Competitive enzyme inhibitors are named as such because they compete with the substrate for the enzyme molecule's active site's. They achieve this by being a similar shape and fitting into the active site, temporarily blocking substrate from entering. This makes the reaction slower, since there is less chance that genuine substrate will collide with an enzyme and form product. Competitive inhibitors affect on the enzyme is always reversible. They can be overcome by increasing the substrate concentration. This then increases the chances of for substrate to bond with the enzyme active site, and decreases the chances for the inhibitor.

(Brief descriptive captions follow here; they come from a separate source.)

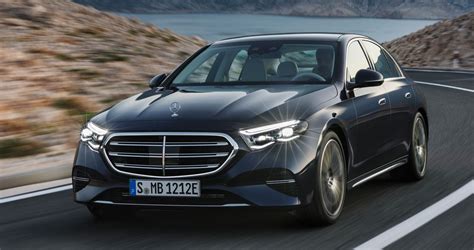 Mercedes Benz E Class Everything We Know So Far About The Luxury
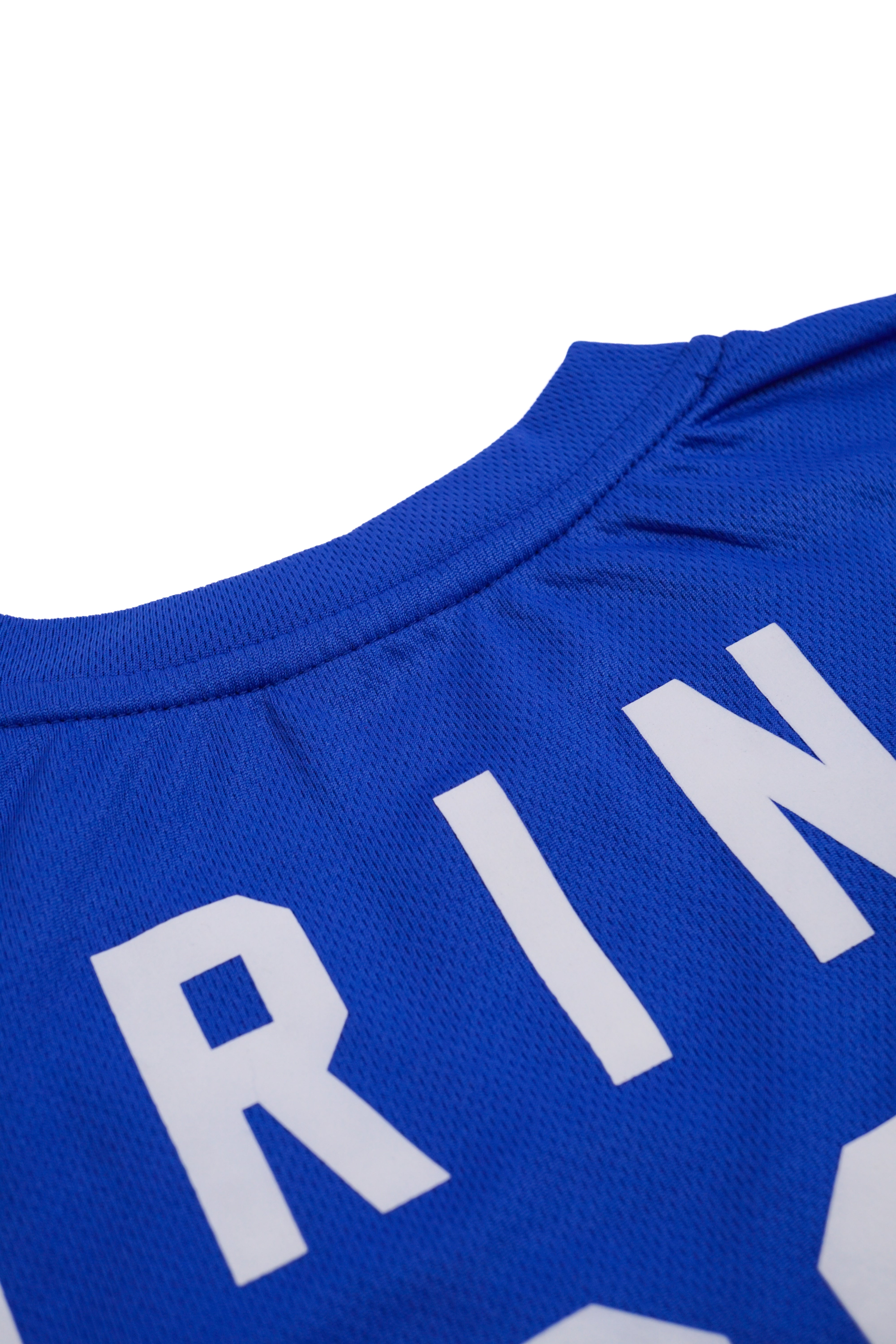 Drift Mesh Shirts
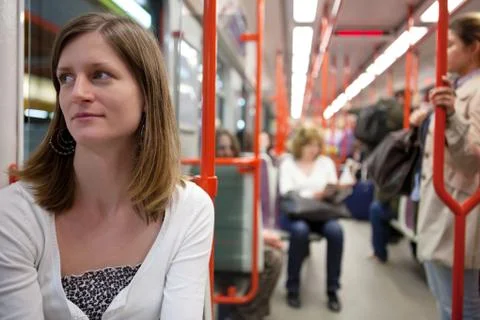 Subway Fotos de archivo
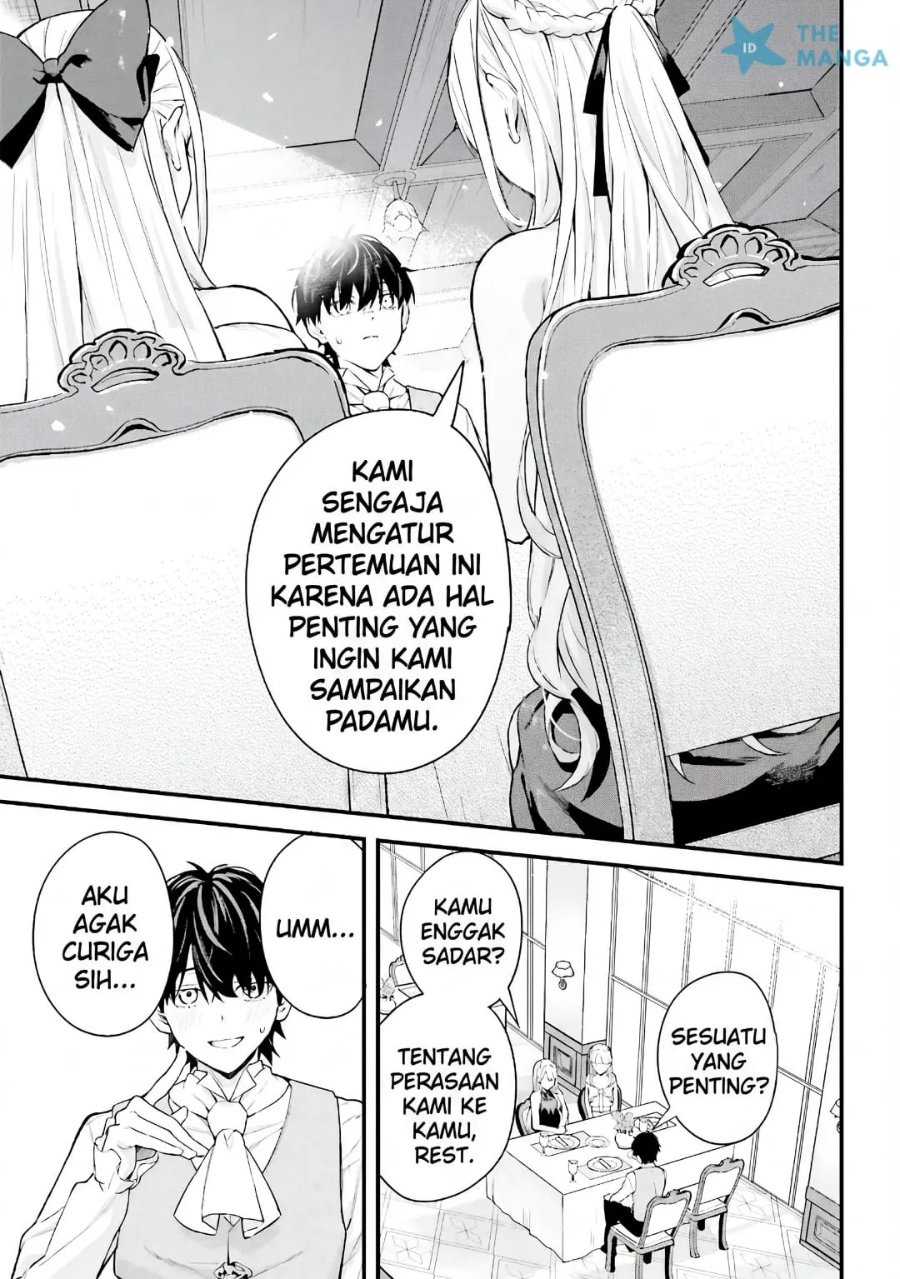 Mugen no Majutsu Shi Maryoku Nashi de Heimin no Ko to Hakugai Sareta Ore. Jitsuha Mugen no Maryoku Mochi Chapter 6 - Page 30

Non-competitive inhibitors are ones that do not compete for the active site. Instead they bind indirectly to either another active site on the enzyme or just to any position on the enzyme. This is turn causes the enzymes active site to change shape and denature because the inhibitor that has bind to the enzyme changes the tertiary structure of the enzyme and thus also the active site stopping any substrate from bonding. This is usually permanent. This can also be overcome by increasing the substrate concentration as it has the same effect as with a competitive inhibitor.